This is an idea for a way to manufacture soluble coffee
powder (aka instant coffee) faster, and possibly more
cost-effectively. By reducing the dwell-time of the
coffee in the machine, production can be faster, or the
floor space required by the machine reduced.
First, brewed coffee is frozen
in a manner which
produces appropriately sized granules.
The frozen coffee particles are transferred to the
bottom of a vibratory-type fluidized bed, which in turn
is inside of a pressure vessel (vacuum chamber).
Gas (mostly steam, but some air) is removed from the
bottom of the bed, via a gas compressor, into a heat
exchanger. The output from the heat exchanger goes
into a gas/liquid separator, with the water being
removed via condensate pump, and the gas removed
via a vacuum pump.
A separate flow of gas, also taken from the bottom of
the bed, is moved via blower through the heat
exchanger, and is introduced to the top of the fluidized
bed. The gas now heats the frozen coffee particles,
causing sublimation of the water within those particles.

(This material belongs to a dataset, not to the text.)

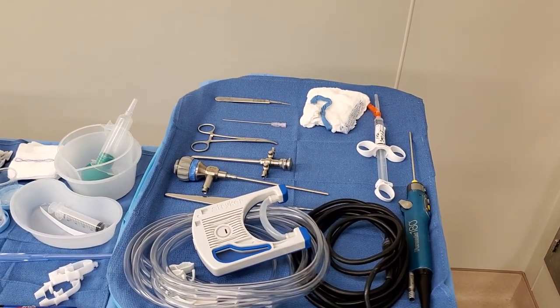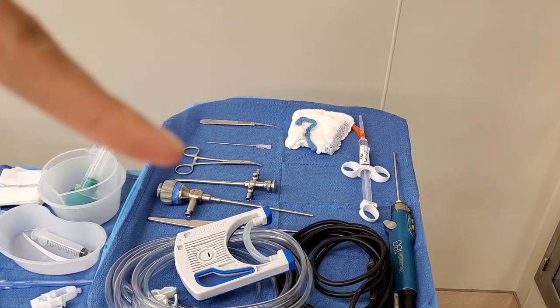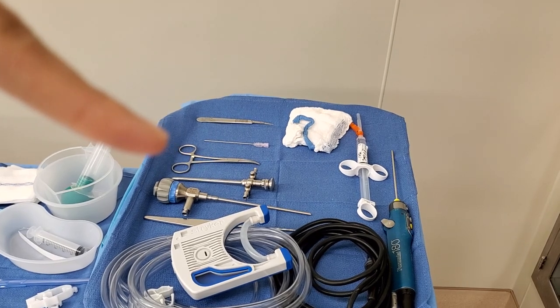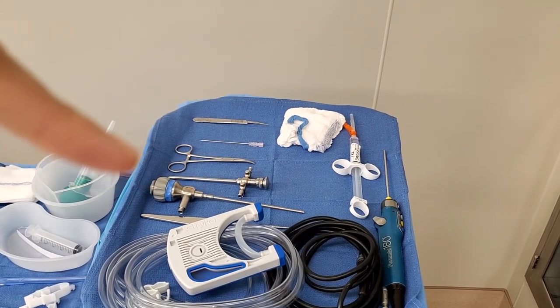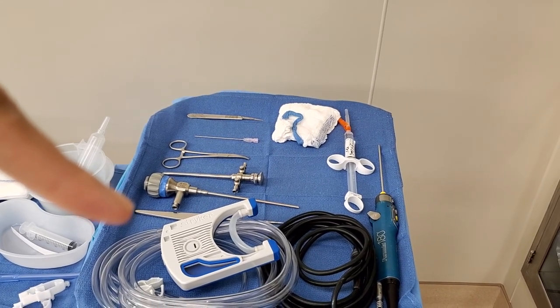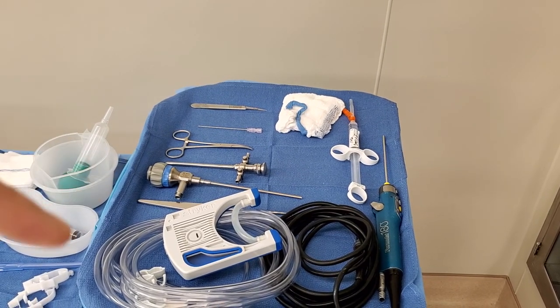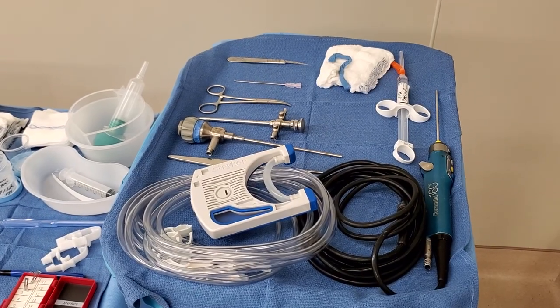That is the 11 blade, a spinal needle, hemostat, one of the trocar obturators, camera scope. There's also — I forgot what it's called, let me ask Chelsea. It's a wolf probe.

The vibration keeps coffee particles separated from one
another, and sorted by density, which is determined by
how much water each particle has. Lighter, dryer
particles, naturally rise to the top.
Dry coffee granules are removed from the top of the
fluidized bed, moved to atmospheric pressure, and sent
I realize that gas flow is the opposite direction of what
it would be in a normal fluidized bed. However, gas
flow should be low enough that the vibrator will keep
the frozen coffee bits fluidized in spite of it.